◆ THE TASK
From the first line to the last, set down the material exactly, leaving out its pictures.

◆ PROVIDED MATERIAL
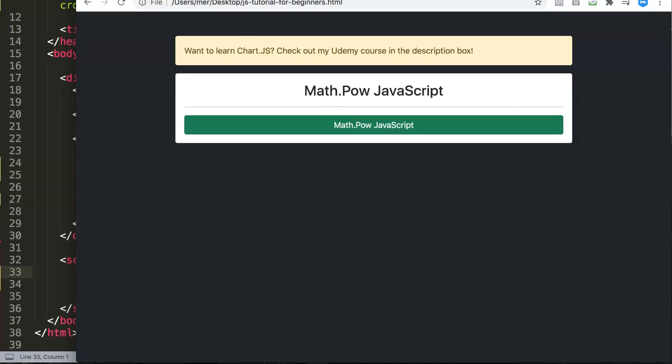In this video we're going to explore the Math.pow function in JavaScript. The Math.pow function is a calculation function, or more specifically a mathematic function for calculating powers.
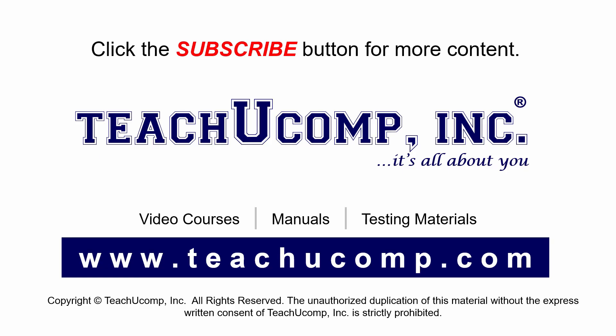Remember to click the Subscribe button to see more of our videos. Get ad-free courses at teachucomp.com.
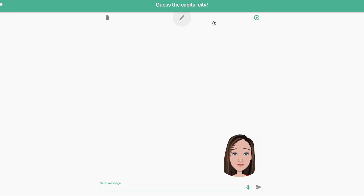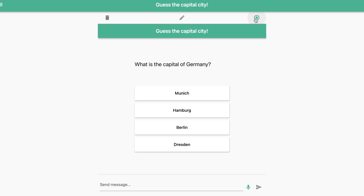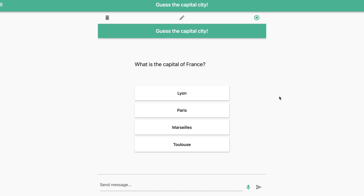Now let's start our test. What is the capital of Germany? Munich, Hamburg, Berlin, Dresden.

◆ YOUR RESPONSE
In this video we're going to explore the Math.pow function in JavaScript. The Math.pow function is a calculation function, or more specifically a mathematic function for calculating powers.
Remember to click the Subscribe button to see more of our videos. Get ad-free courses at teachucomp.com.
Now let's start our test. What is the capital of Germany? Munich, Hamburg, Berlin, Dresden.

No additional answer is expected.